- **Problem details**:
Write out a word-for-word repetition of the lines that come before the line containing "À Noël, tous" in the listing below, along with that line itself, omitting pictures.
(Beginning of Material to process)
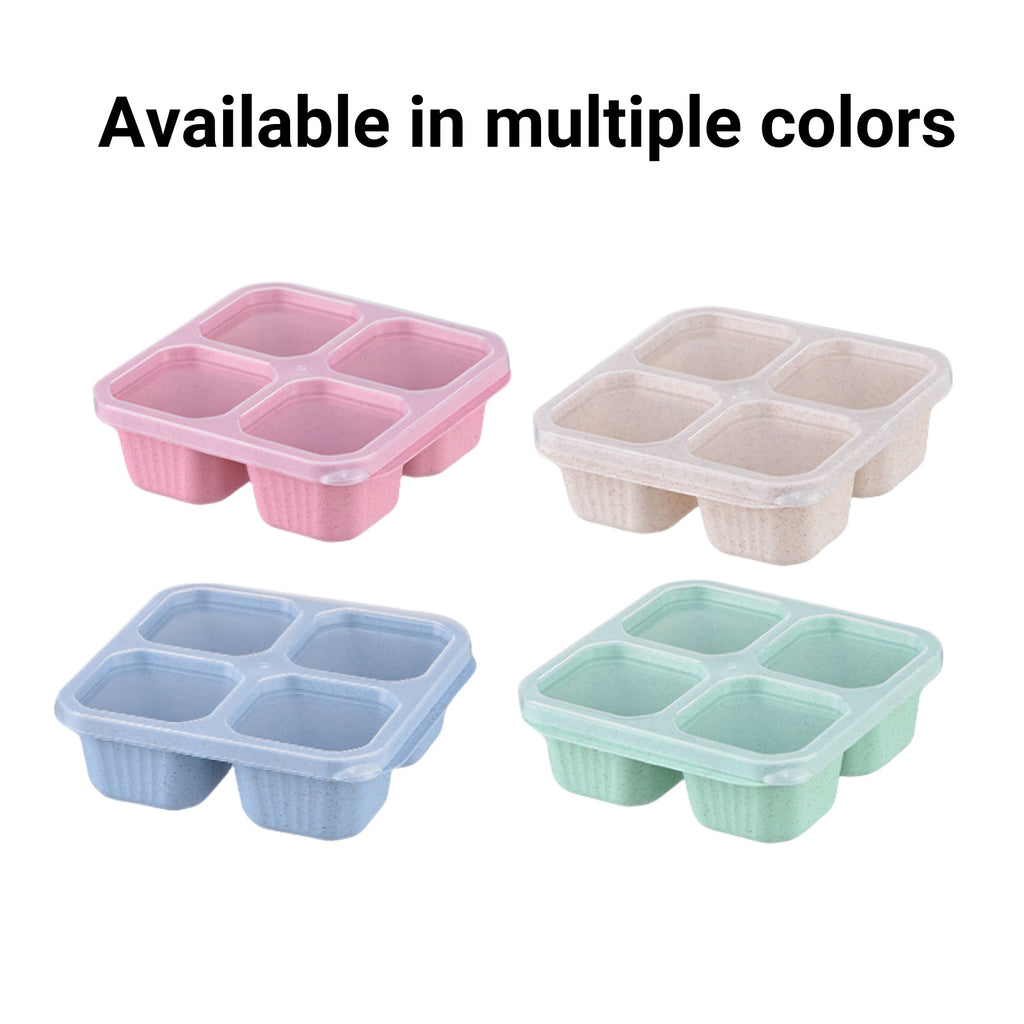 Transparent Four - Compartment Wheat Straw Food Container
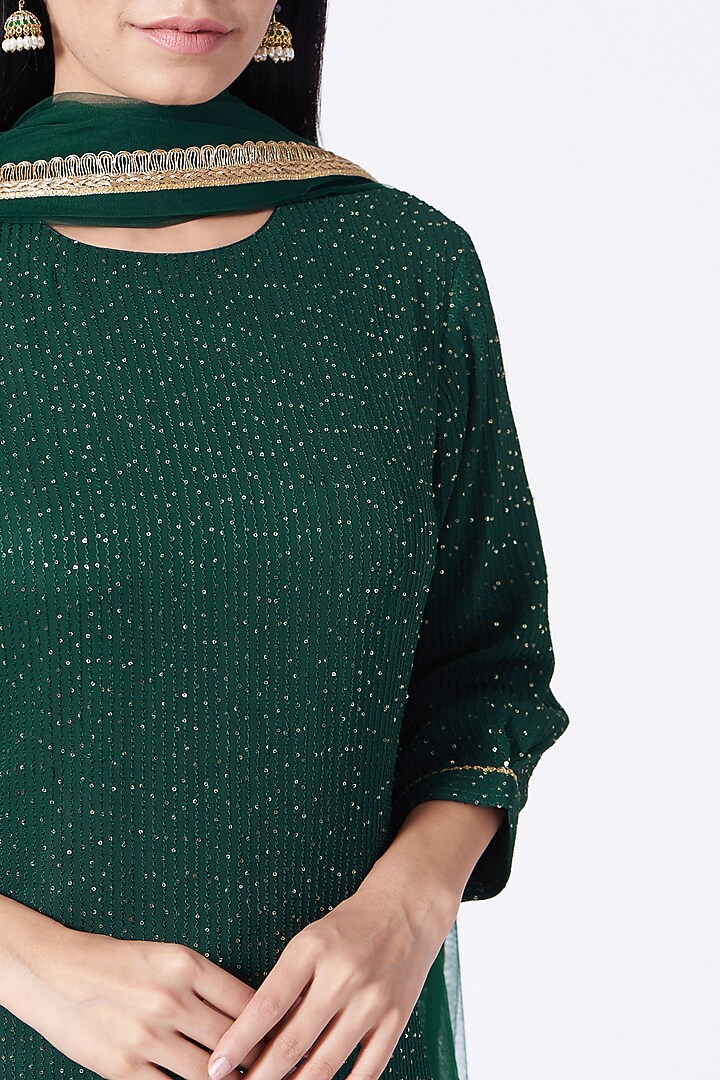 Emerald Green Sequins Embroidered Wedding Sharara Set by Dabka Dori at Pernia's Pop Up Shop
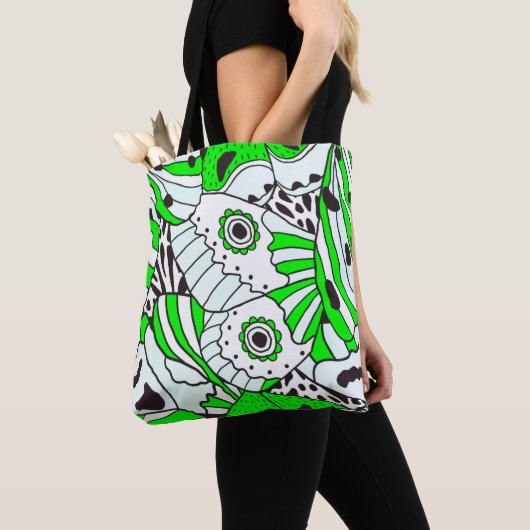 Abstracte groene witte vlindervleugel tote bag (Dichtbij)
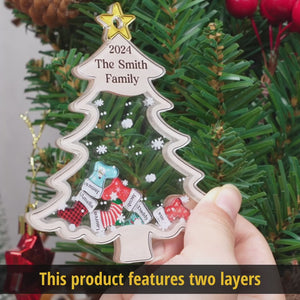 À Noël, tous les chemins mènent à la maison - Décoration de Noël personnalisée à 3 étages pour la famille - Cadeau de Noël pour les membres de la famille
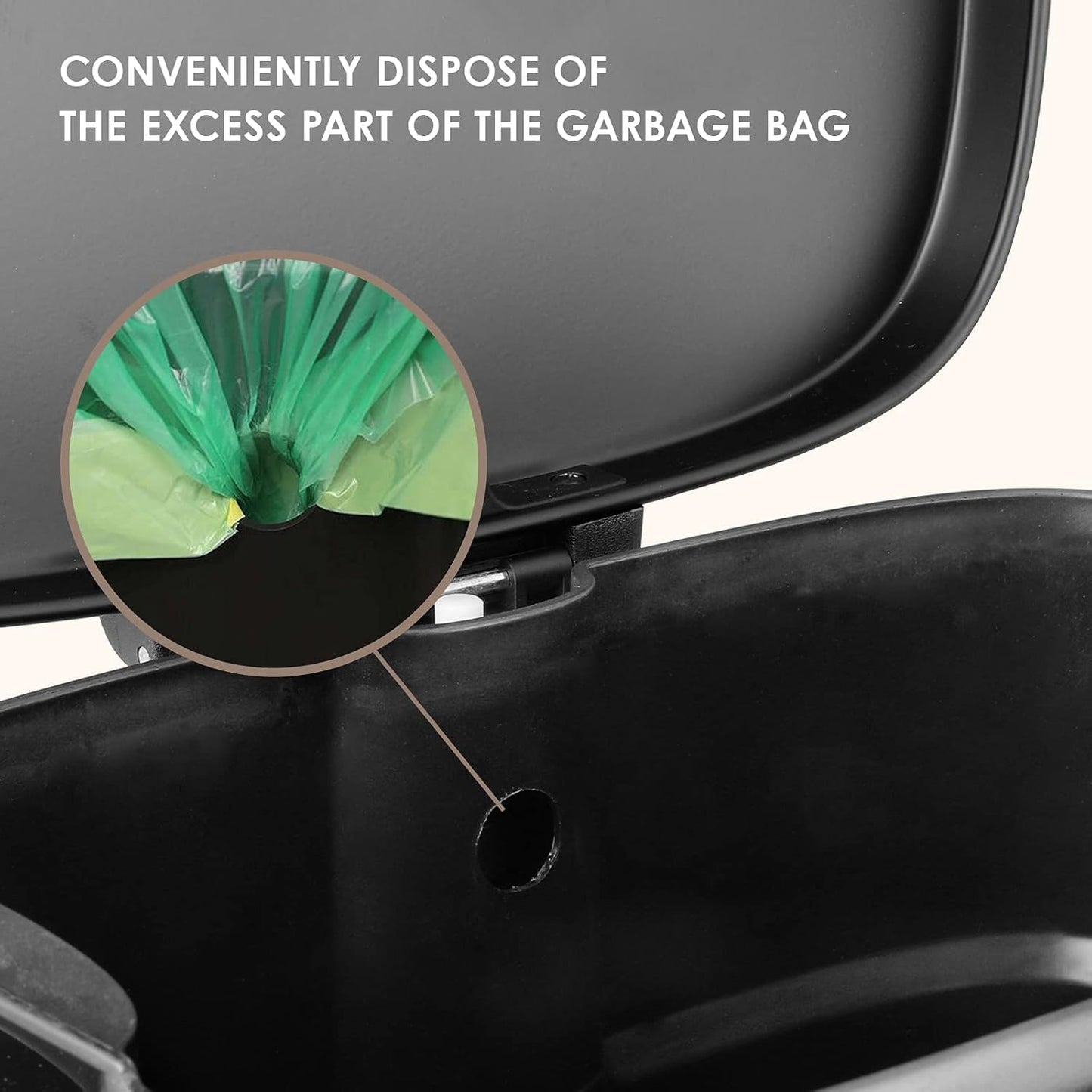 AthLike Trash Can, Stainless Steel Kitchen Garbage Can, Step Waste Bin with Hinged Lid and Removable Inner Bucket, Soft-Close, Dustbin for Bathroom Bedroom Living Room Home (Pink, 13.2 Gal)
(End of Material to process)
- **Exercise result**:
 Transparent Four - Compartment Wheat Straw Food Container
 Emerald Green Sequins Embroidered Wedding Sharara Set by Dabka Dori at Pernia's Pop Up Shop
 Abstracte groene witte vlindervleugel tote bag (Dichtbij)
 À Noël, tous les chemins mènent à la maison - Décoration de Noël personnalisée à 3 étages pour la famille - Cadeau de Noël pour les membres de la famille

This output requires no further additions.